----- SOURCE MATERIAL -----
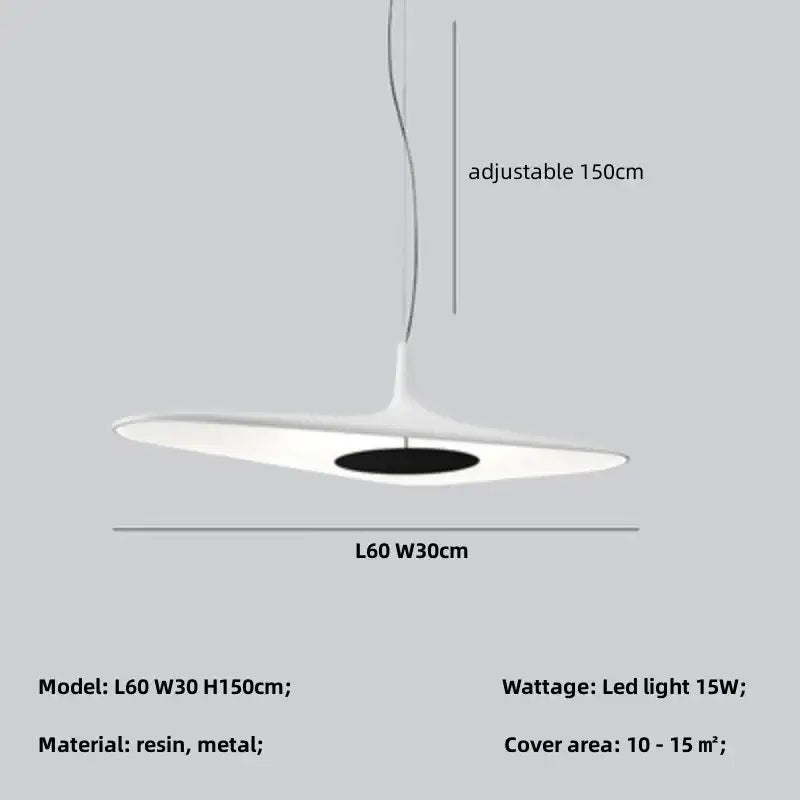 Modern black disc pendant lamp dining room ambient glow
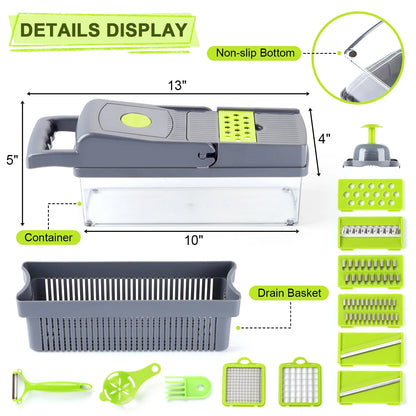 14 in 1 Vegetable Chopper, Multifunctional Food Chopper Vegetable Fruit Cutter Dicer Slicer with 8 Blades, Onion Chopper with Container & Drain Basket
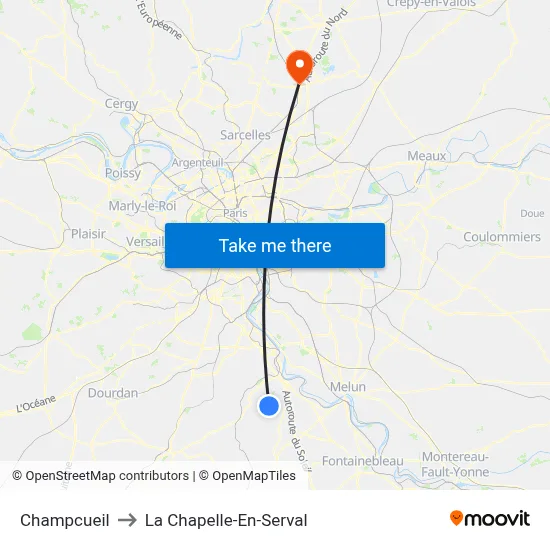 Champcueil to La Chapelle-En-Serval map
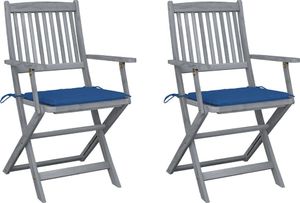 vidaXL Składane krzesła ogrodowe, 2 szt., poduszki, drewno akacjowe (3064492) 1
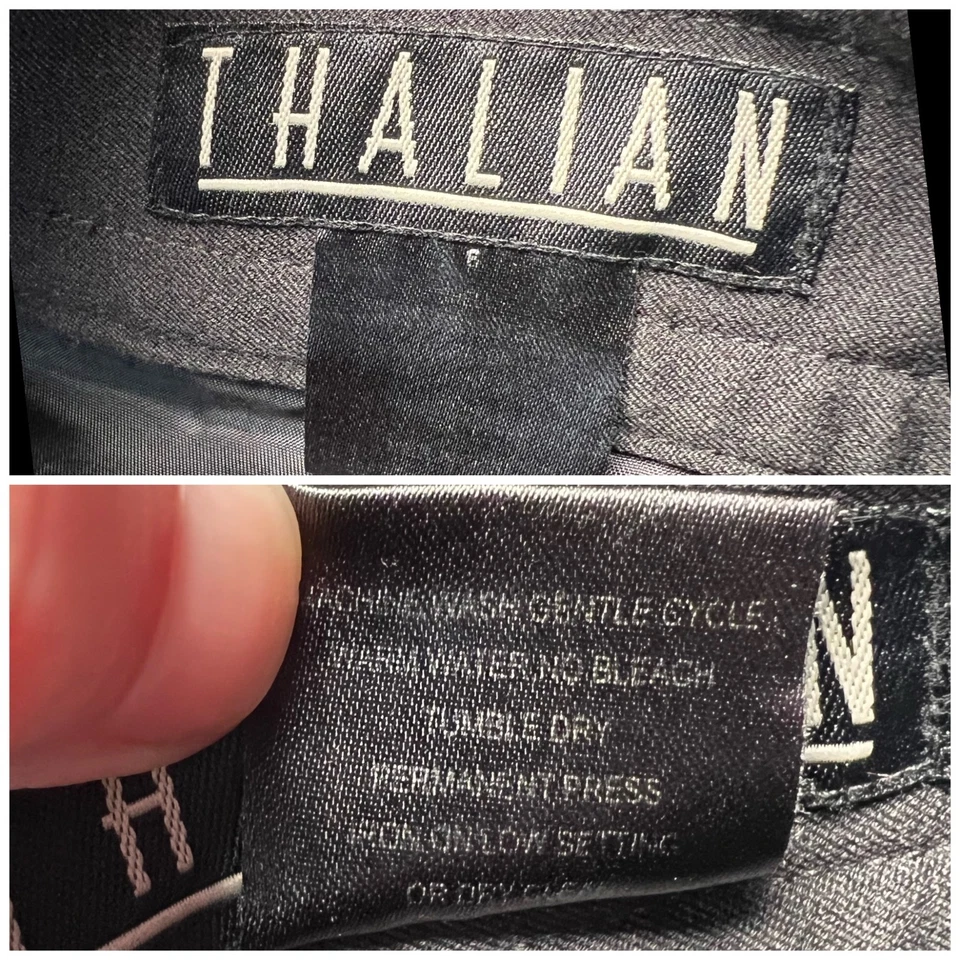 Falda Vintage Thalian Plisada Línea A Mini Carbón Negra Preppy Trabajo Talla Pequeña Foto 3 de 4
-----
> HOW TO COMPLETE THIS TASK: Retype only the lines above from the one with "vidaXL Składane krzesła" through the last, both ends included, keeping every picture out of the copy.

> EXERCISE RESULT:
 vidaXL Składane krzesła ogrodowe, 2 szt., poduszki, drewno akacjowe (3064492) 1
 Falda Vintage Thalian Plisada Línea A Mini Carbón Negra Preppy Trabajo Talla Pequeña Foto 3 de 4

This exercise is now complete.